**WHAT YOU HAVE TO DO**
Among the records below, the line containing "Shirt Shalwar Dupatta - 0576" marks the start. Output it and all lines after it exactly.

**DATA SHOWN**
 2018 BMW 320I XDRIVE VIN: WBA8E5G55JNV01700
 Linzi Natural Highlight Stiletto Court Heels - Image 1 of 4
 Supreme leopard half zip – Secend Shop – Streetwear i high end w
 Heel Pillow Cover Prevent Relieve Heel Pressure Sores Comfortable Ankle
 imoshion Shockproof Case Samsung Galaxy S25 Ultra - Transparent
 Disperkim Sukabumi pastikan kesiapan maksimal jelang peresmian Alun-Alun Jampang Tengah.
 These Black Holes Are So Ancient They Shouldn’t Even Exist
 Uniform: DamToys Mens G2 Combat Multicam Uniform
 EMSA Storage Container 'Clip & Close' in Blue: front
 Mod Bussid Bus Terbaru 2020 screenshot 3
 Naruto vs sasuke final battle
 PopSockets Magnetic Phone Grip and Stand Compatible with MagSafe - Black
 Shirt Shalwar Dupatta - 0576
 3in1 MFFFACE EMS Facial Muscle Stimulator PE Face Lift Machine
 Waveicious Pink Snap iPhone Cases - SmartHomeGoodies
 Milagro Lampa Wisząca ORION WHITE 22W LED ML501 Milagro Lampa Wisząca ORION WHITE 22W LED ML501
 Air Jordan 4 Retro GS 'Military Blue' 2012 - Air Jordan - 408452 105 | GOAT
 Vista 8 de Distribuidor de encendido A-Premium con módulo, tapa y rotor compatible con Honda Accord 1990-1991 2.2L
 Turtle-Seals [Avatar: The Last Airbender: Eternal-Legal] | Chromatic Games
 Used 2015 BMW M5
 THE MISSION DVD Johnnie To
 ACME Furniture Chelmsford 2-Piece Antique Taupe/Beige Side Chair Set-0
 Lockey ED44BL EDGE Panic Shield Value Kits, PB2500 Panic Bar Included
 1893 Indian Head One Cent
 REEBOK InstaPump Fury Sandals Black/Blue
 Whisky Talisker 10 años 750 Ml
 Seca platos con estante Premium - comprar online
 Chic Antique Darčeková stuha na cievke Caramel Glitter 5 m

**RESULT OF THE EXERCISE**
 Shirt Shalwar Dupatta - 0576
 3in1 MFFFACE EMS Facial Muscle Stimulator PE Face Lift Machine
 Waveicious Pink Snap iPhone Cases - SmartHomeGoodies
 Milagro Lampa Wisząca ORION WHITE 22W LED ML501 Milagro Lampa Wisząca ORION WHITE 22W LED ML501
 Air Jordan 4 Retro GS 'Military Blue' 2012 - Air Jordan - 408452 105 | GOAT
 Vista 8 de Distribuidor de encendido A-Premium con módulo, tapa y rotor compatible con Honda Accord 1990-1991 2.2L
 Turtle-Seals [Avatar: The Last Airbender: Eternal-Legal] | Chromatic Games
 Used 2015 BMW M5
 THE MISSION DVD Johnnie To
 ACME Furniture Chelmsford 2-Piece Antique Taupe/Beige Side Chair Set-0
 Lockey ED44BL EDGE Panic Shield Value Kits, PB2500 Panic Bar Included
 1893 Indian Head One Cent
 REEBOK InstaPump Fury Sandals Black/Blue
 Whisky Talisker 10 años 750 Ml
 Seca platos con estante Premium - comprar online
 Chic Antique Darčeková stuha na cievke Caramel Glitter 5 m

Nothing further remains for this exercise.